Whatever happened to the “speculation tax”?


This week, Taiwan implemented a “luxury tax” on housing properties lying dormant due to speculation (as reported by the BBC). This begs the question: why not take action in Vancouver, where the affordability crisis is similarly severe?

During his 2008 campaign, Gregor Robertson proposed such a “empty condo tax” to get more housing onto the market and cool-down prices. But as with other promises, he has failed to deliver or take responsibility. (BC law allows strata councils to ban renting-out condos – whereas Ontario law, for example, does not – and this partly explains the high condo vacancy rates. Armed with this excuse, and under pressure from developers, Robertson grew content to blame the provincial government instead of using tools at his disposal to slow speculation.)

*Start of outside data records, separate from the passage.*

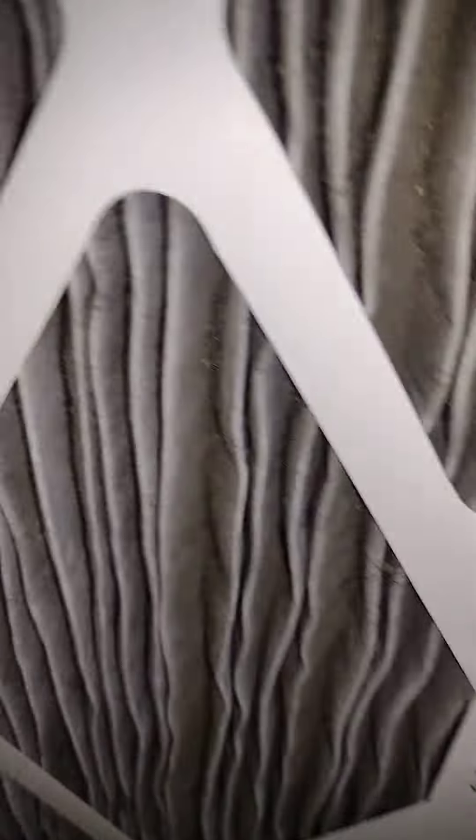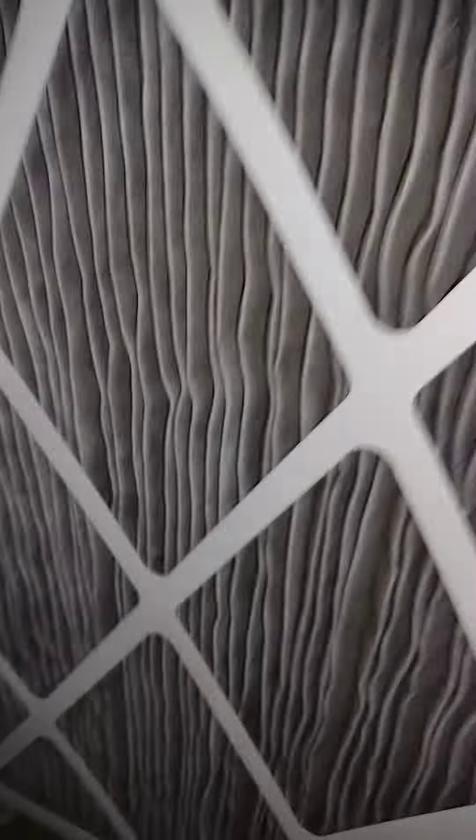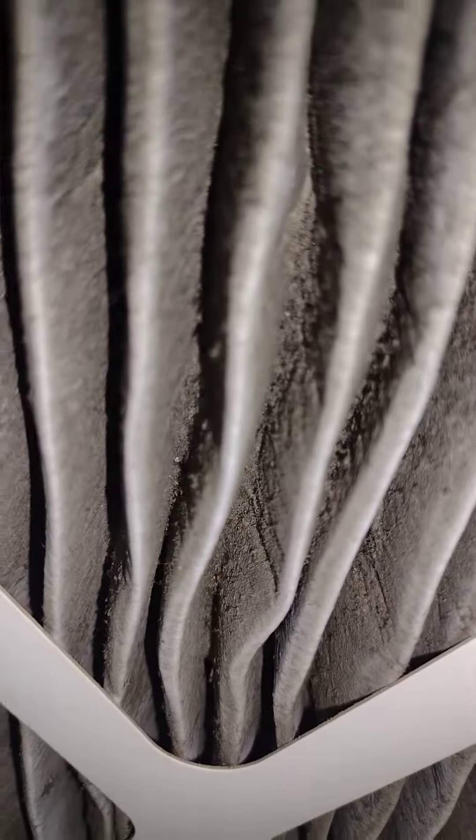And this one you just throw in the garbage. See how dirty it is — this is what you breathe when you don't change the filter. These filters are a three-pack for about 40 to 50 bucks nowadays. You can even see all the dirty things on it. Subscribe and like please.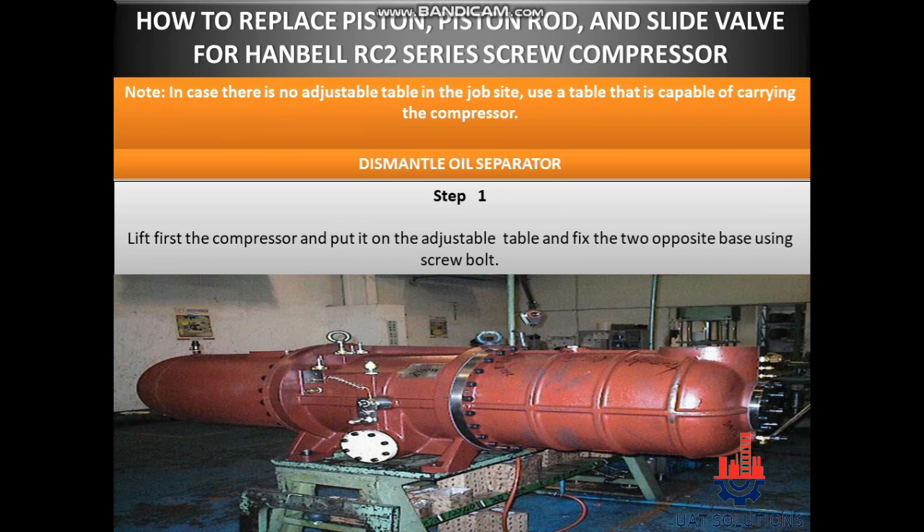Hi, welcome back to UA Technical Solutions. In this tutorial, we will learn how to replace piston, piston rod, and slide valve for RC2 series screw compressor. In case there is no adjustable table at job site, use a table that is capable of carrying the compressor.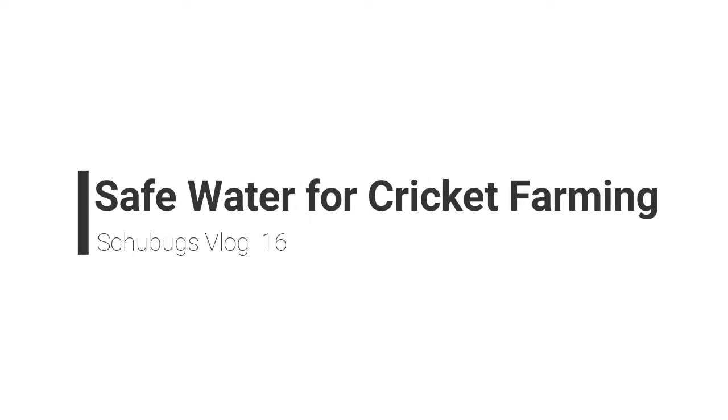Hey guys, welcome back to vlog number 16. Today we're actually going to be talking about our water feeders. This is just going to be a quick video because we've had a few questions about our water feeders and how they actually work.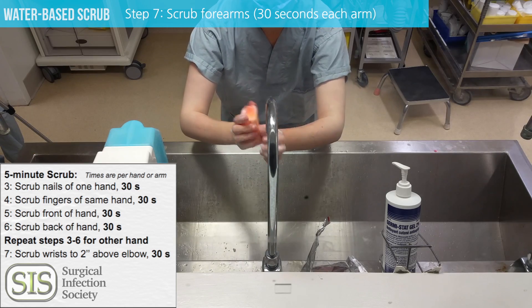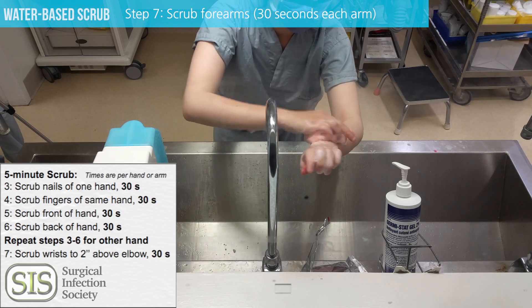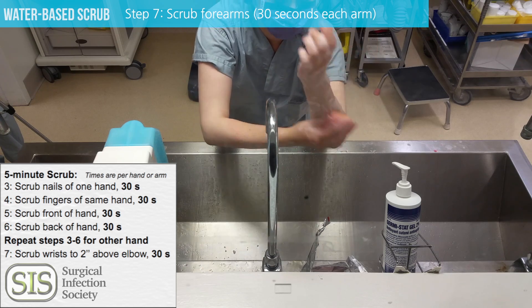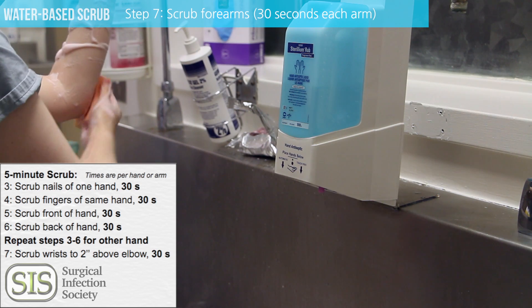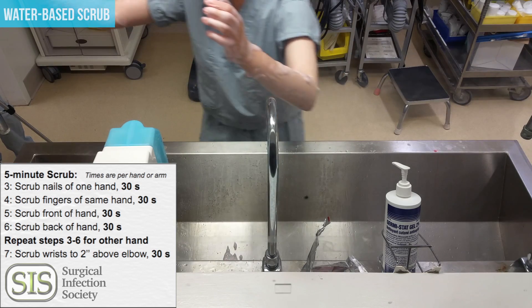Now you're ready to go on to the forearm. This is 30 seconds whether it's the first scrub of the day or subsequent scrubs — always 30 seconds on your forearm. Start at the wrist and go all the way down to two inches past the elbow. Discard your sponge.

Another reason for lack of action on speculation is that the real estate lobby has been spinning the numbers. In May 2009, Andy Yan of Bing Thom Architects published a study estimating the percentage of “empty condos” (identified by low hydro usage) at 5-8%. Real Estate interests who were against the “empty condo tax” suggested that Yan’s work disproved the empty condo “theory.” But even this “low” estimate suggests that the condo vacancy rate is 250-400% that of the 2010 rental vacancy rate. With 80 thousand condos in Vancouver, there are about 5000 empty condos, many of these downtown.

The City’s Housing Centre Director Cameron Grey estimates that, in total, there are about 20,000 empty housing units in Vancouver (including all condos, houses, duplexes, etc). For comparison, that number is roughly equivalent to the total number of social housing units in the city (21,500, according to City numbers).

Andy Yan told The Mainlander that the ’empty condo’ phenomenon is only one driver of Vancouver’s spiraling housing prices. “The point of our story is that even if you make 5,000-10,000 available through an ’empty condo’ tax, it might not make a big difference. Other behaviours of property owners, such as ‘flipping’, might be also contributing to skyrocketing housing prices.” He suggested that while an ’empty condo’ tax might be difficult to enforce, regulations on speculation such as property transfer fees are relatively simple to implement. Yan also emphasized that Vancouver is in desperate need of affordable rental, while empty condos rented-out at market price would not fill this need.

Whereas the real estate lobby saw Yan’s study as a vindication of unregulated speculation, on the contrary we at The Mainlander propose an inverse take-home-message: that a multi-pronged approach will be required to regulate the market. Penalizing owners of empty condos is not a silver bullet for the speculation spiral driving up housing prices in the Lower Mainland. But it is a start.